Twee klinische groepen (ADHD en IUD) en twee controlegroepen werden gerekruteerd op de Hannover Medical School (MHH). Bestaande uit 25-deelnemers elk, liet deze procedure toe om elke klinische groep met hun respectieve controlegroep en beide klinische groepen met elkaar te vergelijken. Binnen een eerste afspraak werden patiënten met de intentie om te worden behandeld grondig beoordeeld met een diagnostisch interview. Degenen die voldeden aan de criteria van respectievelijk ADHD of spiraaltje, werden uitgenodigd deel te nemen aan het onderzoek dat werd uitgevoerd bij een tweede afspraak.

ADHD-groep en de controlegroep

De deelnemers van de ADHD-groep werden uitsluitend gerecruteerd uit de volwassen ADHD-polikliniek van MHH. Patiënten kregen een grondige diagnostische beoordeling van hun ADHD-symptomen en comorbiditeit.
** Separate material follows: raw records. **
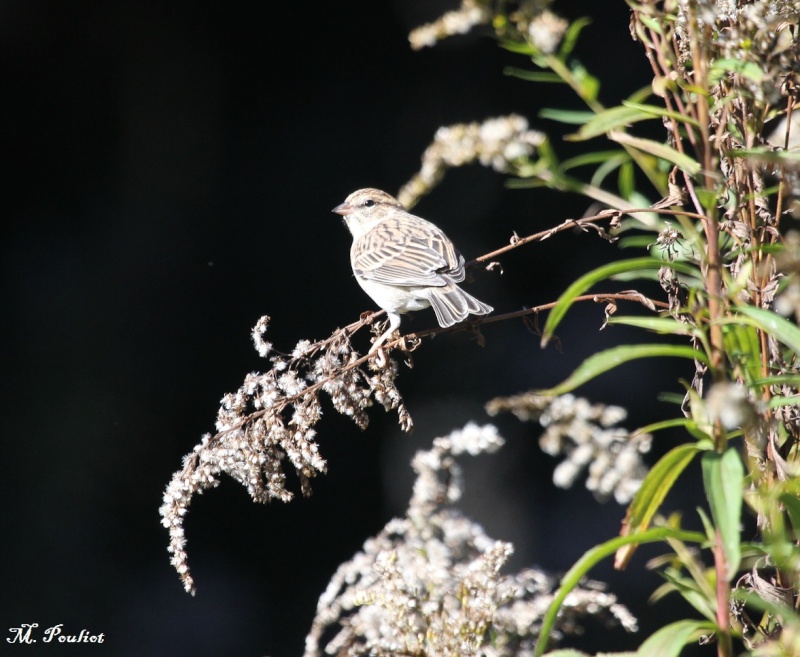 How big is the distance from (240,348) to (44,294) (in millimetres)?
768

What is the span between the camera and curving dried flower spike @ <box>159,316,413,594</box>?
1371mm

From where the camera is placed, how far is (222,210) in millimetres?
3775

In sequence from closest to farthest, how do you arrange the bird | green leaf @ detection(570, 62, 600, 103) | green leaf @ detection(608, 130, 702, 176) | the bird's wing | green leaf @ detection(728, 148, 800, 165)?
1. green leaf @ detection(728, 148, 800, 165)
2. green leaf @ detection(608, 130, 702, 176)
3. green leaf @ detection(570, 62, 600, 103)
4. the bird
5. the bird's wing

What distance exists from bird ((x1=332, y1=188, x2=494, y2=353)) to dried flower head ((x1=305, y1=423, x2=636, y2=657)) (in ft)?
1.90

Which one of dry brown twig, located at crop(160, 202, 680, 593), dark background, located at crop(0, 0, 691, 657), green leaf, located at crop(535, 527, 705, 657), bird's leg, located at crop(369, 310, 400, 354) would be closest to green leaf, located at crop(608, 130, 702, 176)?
dry brown twig, located at crop(160, 202, 680, 593)

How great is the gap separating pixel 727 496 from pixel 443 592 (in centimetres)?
58

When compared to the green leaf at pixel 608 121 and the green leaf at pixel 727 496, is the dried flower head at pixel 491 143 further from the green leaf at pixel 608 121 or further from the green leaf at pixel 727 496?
the green leaf at pixel 727 496

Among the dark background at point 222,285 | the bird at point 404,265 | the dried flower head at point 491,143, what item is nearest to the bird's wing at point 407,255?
the bird at point 404,265

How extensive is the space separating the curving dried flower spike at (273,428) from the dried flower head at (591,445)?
379 mm

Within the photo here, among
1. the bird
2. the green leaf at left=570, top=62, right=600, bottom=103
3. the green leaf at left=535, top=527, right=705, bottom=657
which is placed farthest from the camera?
the bird

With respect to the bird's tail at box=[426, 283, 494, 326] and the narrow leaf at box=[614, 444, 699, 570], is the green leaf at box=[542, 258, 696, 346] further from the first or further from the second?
the bird's tail at box=[426, 283, 494, 326]

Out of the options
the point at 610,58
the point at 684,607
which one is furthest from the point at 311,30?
the point at 684,607

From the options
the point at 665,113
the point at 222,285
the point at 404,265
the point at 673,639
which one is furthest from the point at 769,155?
the point at 222,285

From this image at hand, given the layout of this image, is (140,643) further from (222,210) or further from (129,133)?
(129,133) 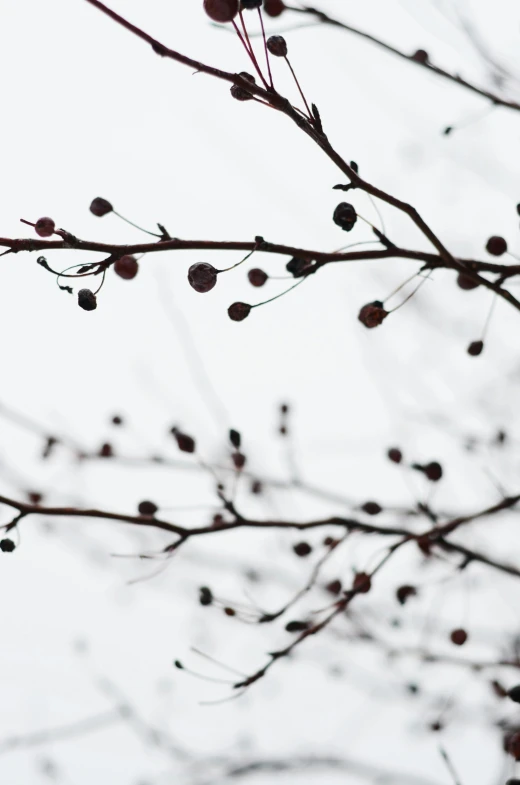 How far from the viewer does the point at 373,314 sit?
116cm

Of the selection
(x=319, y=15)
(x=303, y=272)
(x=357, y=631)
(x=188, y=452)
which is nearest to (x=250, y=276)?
(x=303, y=272)

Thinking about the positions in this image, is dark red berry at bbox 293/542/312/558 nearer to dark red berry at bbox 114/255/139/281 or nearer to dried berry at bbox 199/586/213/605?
dried berry at bbox 199/586/213/605

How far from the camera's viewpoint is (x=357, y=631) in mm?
2373

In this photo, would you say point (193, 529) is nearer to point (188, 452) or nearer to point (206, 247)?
point (188, 452)

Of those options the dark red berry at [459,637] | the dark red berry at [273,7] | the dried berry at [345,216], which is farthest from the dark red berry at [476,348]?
the dark red berry at [273,7]

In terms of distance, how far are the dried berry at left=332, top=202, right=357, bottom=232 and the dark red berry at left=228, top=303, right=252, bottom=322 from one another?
0.20m

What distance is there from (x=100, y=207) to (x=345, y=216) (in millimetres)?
438

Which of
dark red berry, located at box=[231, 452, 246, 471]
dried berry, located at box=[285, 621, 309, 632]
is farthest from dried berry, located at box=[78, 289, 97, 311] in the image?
dried berry, located at box=[285, 621, 309, 632]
Binnen het diagnostisch proces werden individuen uitgenodigd voor het diagnostisch hoofdinstrument, het klinische interview Conners 'Adult ADHD Diagnostic Interview voor DSM-IV (CAADID; Epstein, Johnson en Conners, 2001). Hier werden de 18 DSM-IV-criteria van ADHD onderverdeeld in de twee klinische domeinen van onoplettendheid (negen items) en hyperactiviteit / impulsiviteit (6 / 3-items) met betrekking tot zowel kindertijd als volwassenheid beoordeeld door grondige verkenning. ADHD werd alleen gediagnosticeerd als aan de DSM-IV-criteria was voldaan, wat betekent dat minstens zes van de negen symptomen aanwezig moesten zijn in een of beide domeinen voor de kindertijd en volwassenheid. De beoordeling werd aangevuld met zelfrapportagevragenlijsten (zie hieronder). In de tijdspanne van 1.5-jaren werden 50-onderzoekskits gedistribueerd naar de patiënten bij wie ADHD werd vastgesteld, tussen 18 en 65 jaren, en vertoonde een gemiddeld niveau van verbale intelligentie [meerkeuze woordenschatintelligentietest (MWT-B) IQ van 100 ± 15]. Een totaal van 25-patiënten hebben hun enquêtes teruggestuurd, wat overeenkomt met een respons van 50%. In dezelfde periode werd de controlegroep geworven via mededelingen binnen de MHH-matching in termen van verdeling van geslacht, leeftijd en schoolonderwijs. De inclusiecriteria voor de controlegroep waren: gemiddeld niveau van verbale intelligentie en het ontbreken van een voorgeschiedenis van geestesziekte. Controles werden gescreend op ADHD en IUD.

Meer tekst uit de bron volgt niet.